Accord Project, OIX to Partner on Smart Contract Standards
The two consortium groups will begin work on a set of standards to help developers navigate digital identity within smart contracts.
January 09, 2018 at 12:52 PM
4 minute read
In a bid to formalize infrastructure and protocol, smart contract consortium group the Accord Project will partner with digital identity group Open Identity Exchange (OIX) to establish a set of open standards for smart legal contracts and digital identity.
The two groups will also work together in developing code to enable their proposed smart contract standards. The Decentralized Identity Foundation, Sovrin Foundation and Trusted IoT Alliance have also committed to work with the two groups on the creation, development and support of these standards and accompanying open source code.

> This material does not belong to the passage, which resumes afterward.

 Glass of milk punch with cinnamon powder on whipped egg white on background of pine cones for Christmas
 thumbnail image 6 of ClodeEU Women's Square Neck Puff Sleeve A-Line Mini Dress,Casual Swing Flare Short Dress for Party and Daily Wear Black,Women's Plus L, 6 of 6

The Accord Project, spearheaded by internet of things-enabled contract startup Clause, launched in 2017 to set out legal and commercial standards for smart contracts—essentially computerized contractual language that can execute a contract in real time—that would encourage broader industry adoption. The consortium includes membership from the International Association for Contract & Commercial Management, open source blockchain group Hyperledger and project management platform Clio.
OIX was founded as a nonprofit corporation in 2010 following a U.S. federal effort to examine potential digital trust frameworks to help citizens interact online with U.S. federal agencies. OIX promotes use of digital identity services based on open standards, and has been certified by the U.S. and U.K. governments, as well as digital platforms like Google, PayPal and Microsoft.
Houman Shadab, co-founder of Clause, explained that digital identity standards are a core piece of smart legal contracting, as verifying and trusting the digital identities of contracting parties, data sources, assets and transactions would mean that “lawyers can build smart legal contracts with certainty.”
“The collaboration came about as we were working on the open source protocol for legal contracting and recognized very early on about the need for canonical identity standards—you need these to ensure everyone agrees on what is being referenced in contracts and that it is done consistently to create certainty,” Hunn said of the partnership.
As part of the partnership, the two groups will release a white paper, “Accord Protocol ID,” proposing an industry standard for decentralized digital identity, as well as a supporting trust framework for smart legal contracts.
Despite the work of Clause, Accord Project and others, the full potential of “smart contracts” still exists predominantly in the world of the theoretical. Although the technology to support the concept is increasingly in production, variance between these technologies, demands for specific kinds of integrations and law supporting the use of these contracts still makes use of smart contracts a fairly novel proposition.
OIX's connections to major market organizations like Google and Microsoft may help the Accord Project in developing the necessary industry buy-in to work out some of these issues.
Shadab noted that he started the Accord Project under the idea that standards could help unify some of these divergent needs and support the development of smart contracts. “The absence of such standards poses many issues because you are introducing a new 'layer' into the concept of a contract—data—and are no longer wholly based on natural language,” he explained.
Shadab added in a statement that the standards can help groups develop broader functions into smart contracting. “It is important that organizations that start using smart legal contract technology are building from an industry recognized set of standards. We need to know, canonically, how to begin to introduce data-driven functionalities into legal contracts,” he said.